The axially extending slit is advantageously open at the leading end in the drilling direction, so that the core can be removed from the core sleeve in an optimal manner. Moreover, the structure of the core remains completely intact, for example, for purposes of analyzing the substrate.
A sufficient stability of the core sleeve is preferably achieved in that the outer diameter of the core sleeve is constructed in such a way that the core sleeve completely contacts the inner wall of the drilling cylinder and has a smaller diameter in the inserted state than when not inserted. In this way, it is possible to guide the core sleeve in the drilling cylinder and accordingly to pull the core sleeve out of the drilling cylinder without difficulty at the same time. In addition, the core sleeve is biased or pretensioned when inserted in the drilling cylinder, resulting in a frictional engagement between the drilling cylinder and the core sleeve. This prevents unwanted displacement of the core sleeve relative to the drilling cylinder, particularly during the drilling operation.
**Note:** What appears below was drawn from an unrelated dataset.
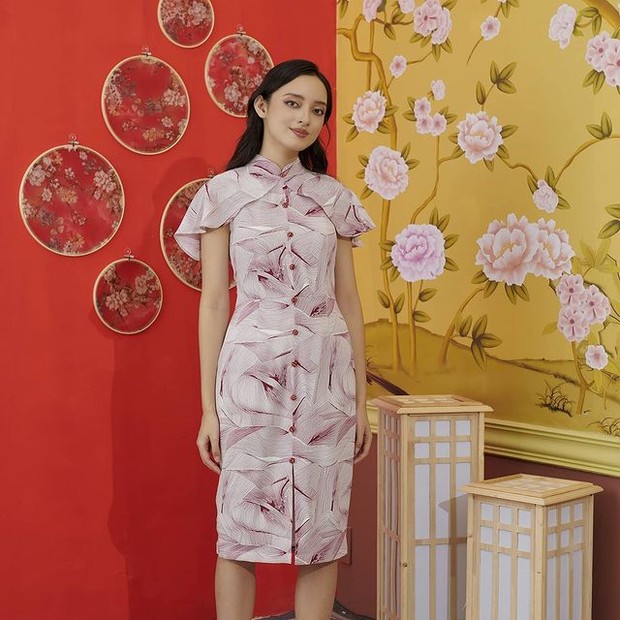 Gaya cheongsam modern untuk outfit Imlek/@joli.pretty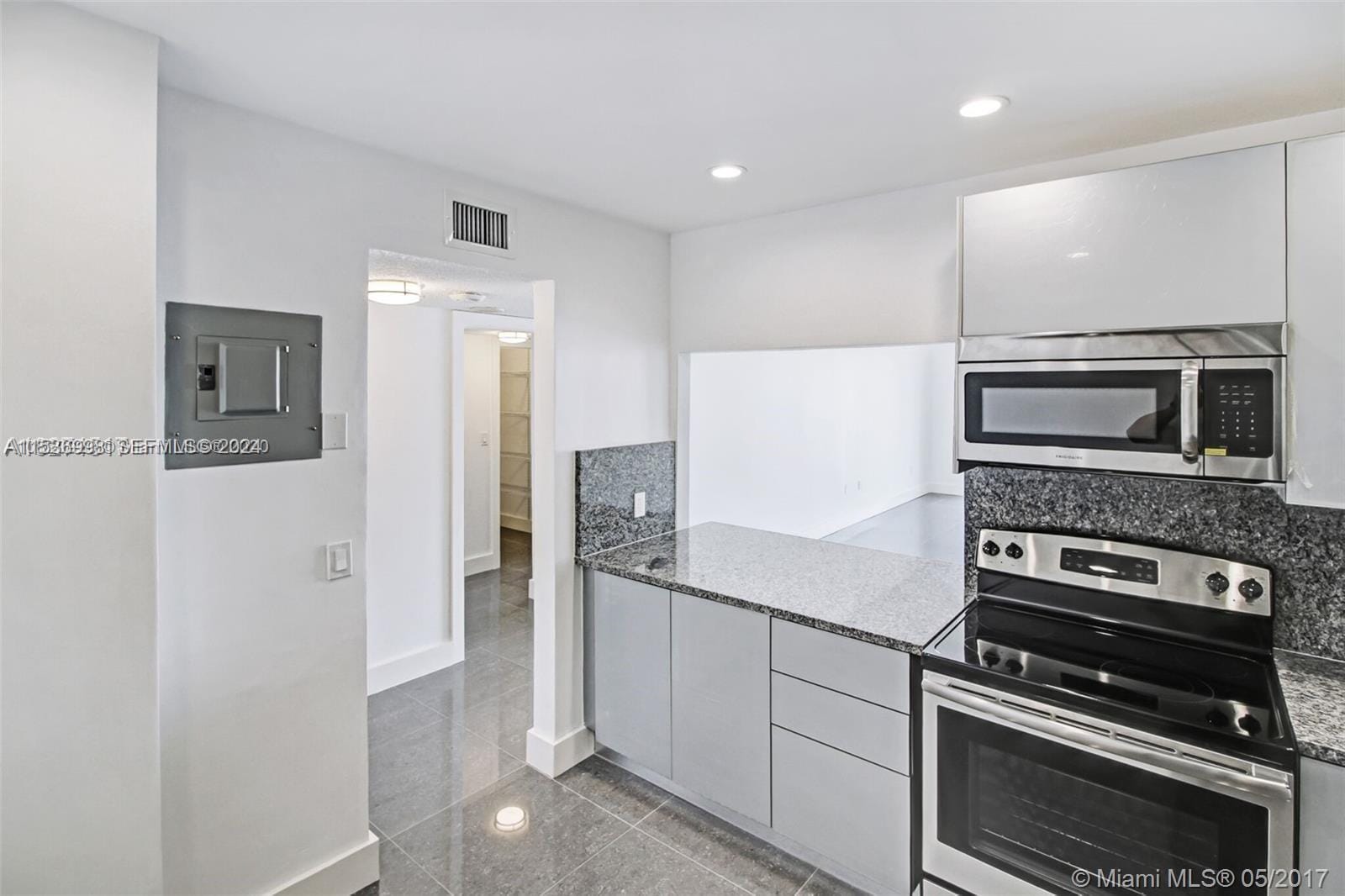 2801 NE 183rd Street 2208W — photo 5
A gripping part is advisably arranged at the trailing end of the core sleeve located opposite to the drilling direction so as to make it possible for the user to remove the pretensioned core sleeve from the drilling cylinder in a simple manner.
In order to ensure a secure insertion of the core sleeve into the drilling cylinder, preferably the core sleeve has, at its leading end, an outer diameter region which tapers or narrows in the drilling direction. Especially in view of the fact that the inserted core sleeve is pretensioned, a secure guiding is particularly important when inserting into the drilling cylinder and facilitates handling of the drill bit.
The drill bit is manufactured in an economical manner in that the core sleeve has a wall thickness corresponding to 0.01 to 0.3 times the wall thickness of the drilling cylinder. Further, such dimensioning of the core sleeve has a positive effect in the manageability of the drill bit.
The core sleeve can be inserted into the drilling cylinder without difficulty due to the fact that the axially extending slit preferably has a width corresponding to 0.001 to 0.01 times the outer diameter of the core sleeve. Since the core sleeve is pretensioned in the inserted state, at least the width of the axially extending slit must correspond roughly to the difference in the circumference of the core sleeve in the inserted state and in the relaxed state.
Advisably, the core sleeve is made of spring steel to ensure optimal holding of the core sleeve in the drilling cylinder. At the same time, the necessary stability of the core sleeve is achieved through the use of spring steel. The high elasticity limit of spring steel means simpler handling and longer useful life in removing the core from the core sleeve.
The drawing is an axially extending view, partly in section and partly broken away of a drill bit embodying the present invention.